En na een korte stilte:
‘Goed, blijkbaar hoor jij dus niks. Van mijn GPS, bedoel ik. Maar moet je luisteren: tegen mij praat ze honderduit tegenwoordig. Sinds ik die Berkel voor jou moest gaan oppikken.’
Ik merkte hoe mijn vrouw me vanop de passagiersplaats steeds nauwlettender in de gaten begon te houden, klaar om het stuur vast te grijpen indien nodig.
‘Kijk eens aan,’ zei ze alleen maar. Het kwam er behoorlijk bezorgd uit.
‘En ze vertelt me ook nog eens heel erg interessante dingen.’
‘O ja?’ luidde het zonder werkelijke interesse. ‘En wat vertelt ze dan zo allemaal?’
‘Nou, bijvoorbeeld dat jij niet erg warm loopt voor mijn werk.’
Plots had ik iets meer aandacht.
‘God, gaat dit eigenlijk daarover? Wanneer ga je dat eindelijk eens loslaten, dat verhaaltje wordt stilaan vermoeiend. Ik wou je op dat lezersforum gewoon een hart onder de riem steken met opbeurende reacties, meer niet.’
‘O, maar dat was niet het enige dat ze me wist te vertellen. Zie je, eens mijn GPS-dame op dreef is, kom ik heel wat verrassende dingen te weten. Over jou met name.’
‘Werkelijk? Zoals?’
‘Zoals het feit dat jij blijkbaar al een hele tijd werkt aan een manuscript van jezelf.’
Ik draaide net de straat in van het politiebureau toen ik die voetzoeker liet knallen.
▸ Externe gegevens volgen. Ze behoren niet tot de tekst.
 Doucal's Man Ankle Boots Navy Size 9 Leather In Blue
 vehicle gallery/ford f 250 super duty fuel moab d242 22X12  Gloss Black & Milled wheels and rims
‘Wat weet jij daarvan?’ zei mijn vrouw, ditmaal in eerlijke verbazing, wat meteen weggaf dat mijn GPS-systeem niet had gelogen.
‘Is het niet waar soms?’
‘Daar heb ik jou toch nooit iets over verteld? Hoe kan jij daar weet van hebben?’
‘Nou, door haar hier dus!’ wees ik triomfantelijk naar de voorruit.
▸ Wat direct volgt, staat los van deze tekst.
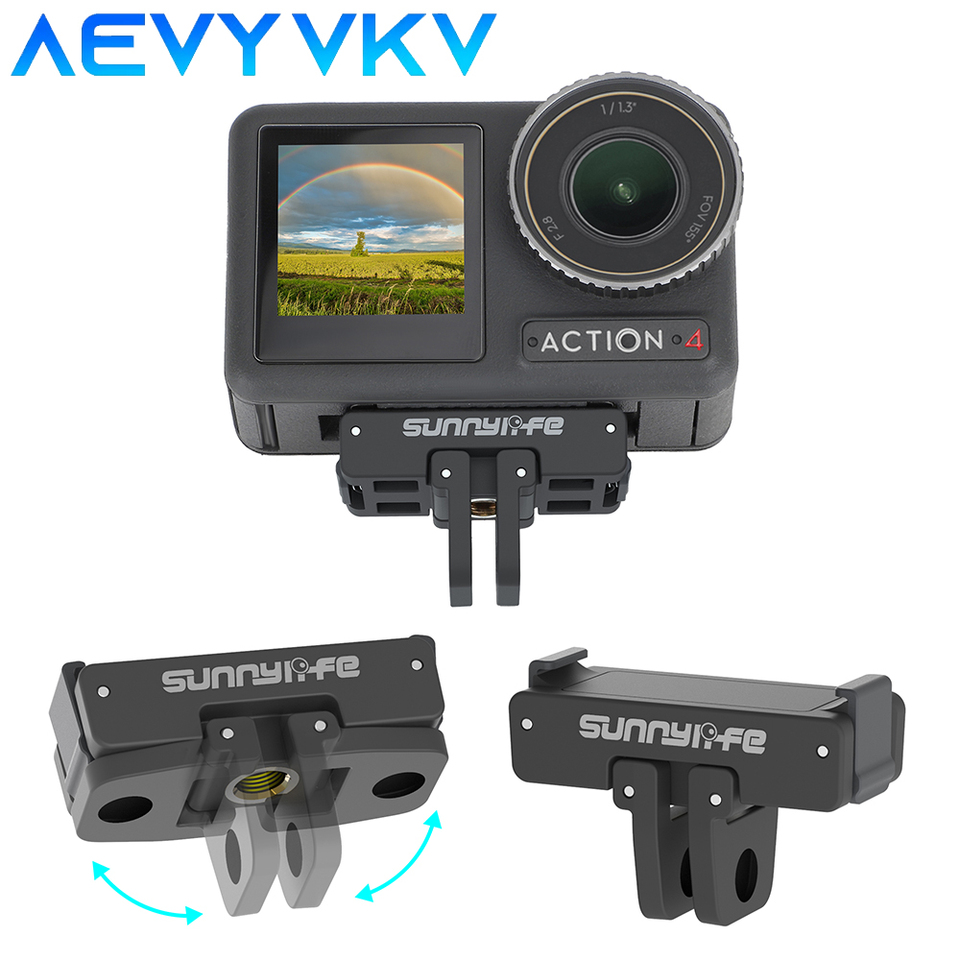 For DJI Action 5 Pro Magnetic Two Claw Adapter 1/4 Thread Universal Port Bracket For DJI Action 4/3/2 Camera Accessories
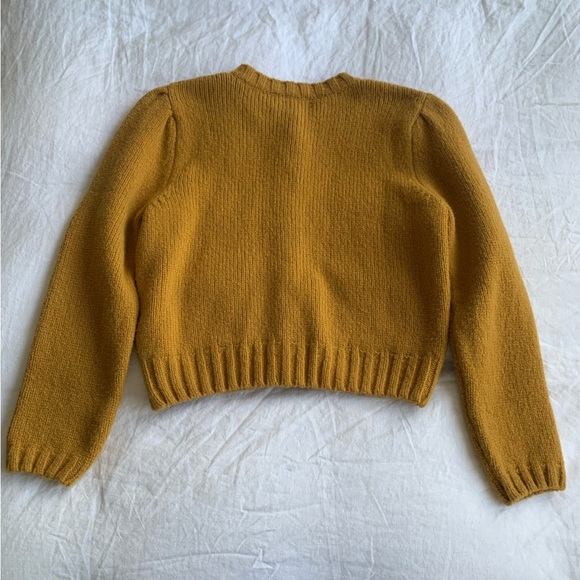 Doen Risette Wool Crew Neck Pocket Button Cardigan Crop Sweater Mustard Yellow - Picture 6 of 7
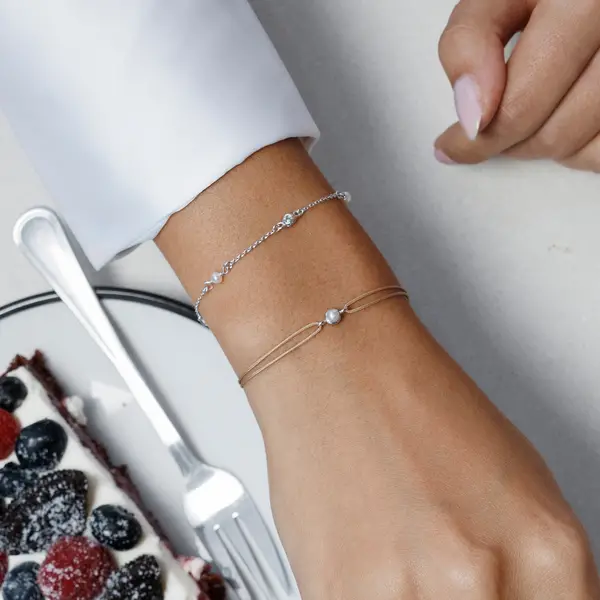 Leaf Jewelry Armkette Pure mit Süßwasserzuchtperlen, 925 Sterlingsilber Vierteljährliche Förderung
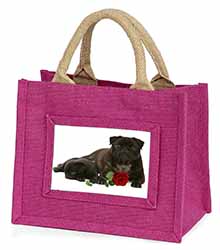 Black Pug Dogs with Red Rose Little Girls Small Pink Jute Shopping Bag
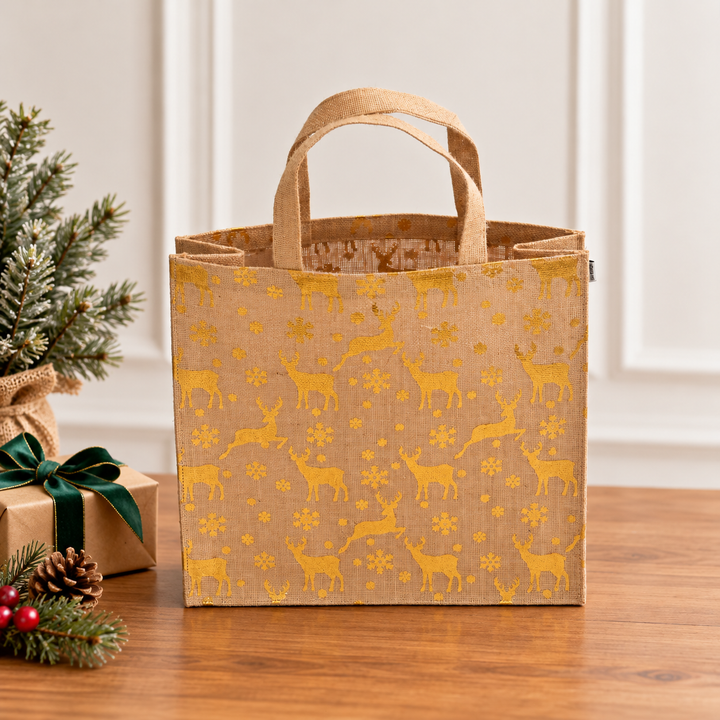 Christmas Gift Bag | Laminated Jute Bag with Metalic Print | Natural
Mijn vrouw volgde mijn blik.
‘Juist, door die GPS van jou. En dat moet ik geloven? Nee, vertel op, heeft Carla iets verklapt? Want dit kan enkel maar van haar komen.’
“Bohse!” klonk het weer vanaf de voorruit, nog dwingender dan voorheen.
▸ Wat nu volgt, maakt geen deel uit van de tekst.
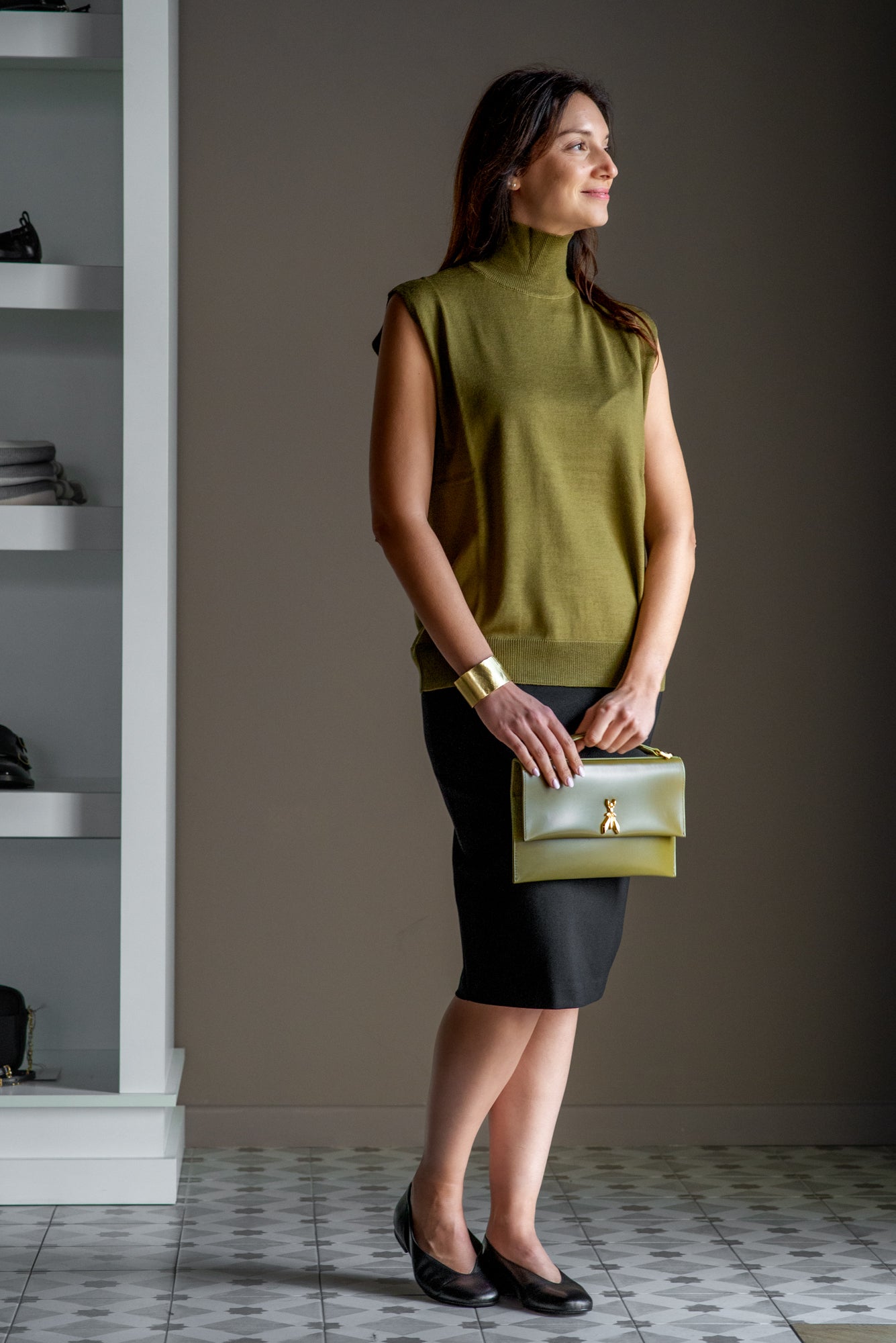 Maglia Smanicata in Lana – Verde Oliva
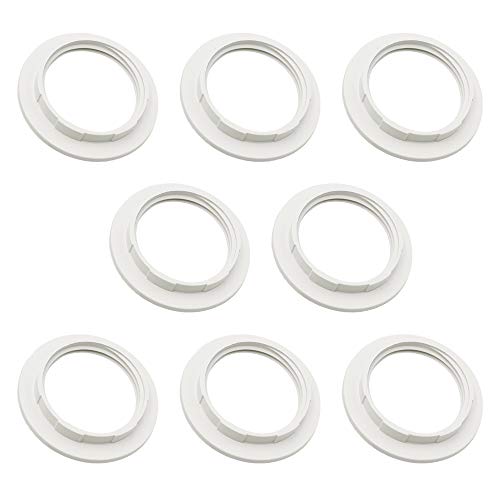 8 Pièces Anneau Réducteur pour Abat-Jour E27 Adaptateur de Bague d'Abat-Jour Plastique Anneau Convertisseur pour Abat-Jour (Intérieur 38mm) Cover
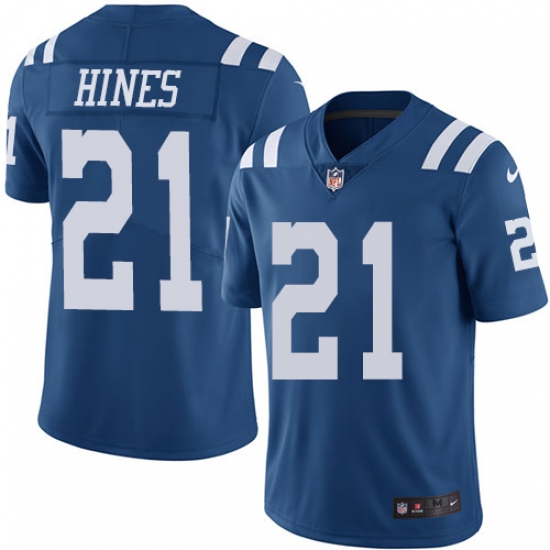 Men's Nike Indianapolis Colts #21 Nyheim Hines Limited Royal Blue Rush Vapor Untouchable NFL Jersey - Ujersey
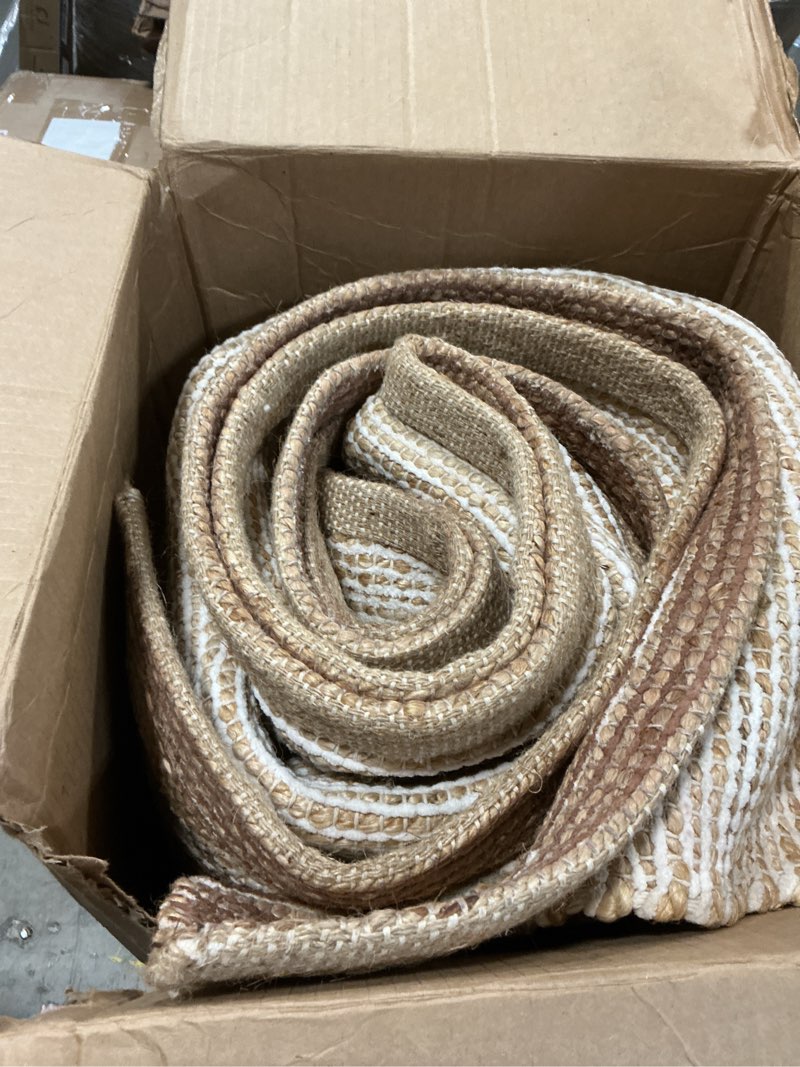 Condition photo showing Good Condition for s & l homes jute pulse handwoven natural area rug for living room bedroom kitchen hallway entryway- rustic vintage farmhouse decor - (5' x 8' natural ivory) 5' x 8' (rectangular)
‘Jij houdt je er even buiten nu, ik ben met mijn vrouw aan het praten!’
“Bohse, je wijkt weer van de weg af!”
‘Verdomme, Bohse!’ kreet mijn vrouw opeens met een wilde blik door de voorruit, ‘je gaat recht op dat bushokje af! Remmen!’
Ik keek op, zag in een flits dat ik midden in mijn akte van beschuldiging definitief van de weg was geraakt en trok instinctief aan het stuur om het glazen bushokje pal voor me te ontwijken. Ik hoorde een knerpend, schrapend geluid en gaf een nieuwe ruk aan het stuur.
Toen de wagen na een lawaai als bij het laatste oordeel met een bruuske schok tot stilstand was gekomen, bleef ik een ogenblik voor me uitstaren.
Daarna keek ik suffig om me heen.
Het duurde even voor de wereld weer fatsoenlijk in focus kwam en ik kon checken of iedereen nog heel was.
Dat bleek mee te vallen, want mijn vrouw was ongedeerd.
Er was maar één dodelijk slachtoffer gevallen.
Want toen ik weer naar voren keek, zag ik hoe ik een stalen profiel dwars door de voorruit en de behuizing van de GPS was gegaan en tussen de voorzetels was blijven steken, precies tussen mijn vrouw en mij in.
Iets meer naar links of naar rechts en het probleem was groter geweest.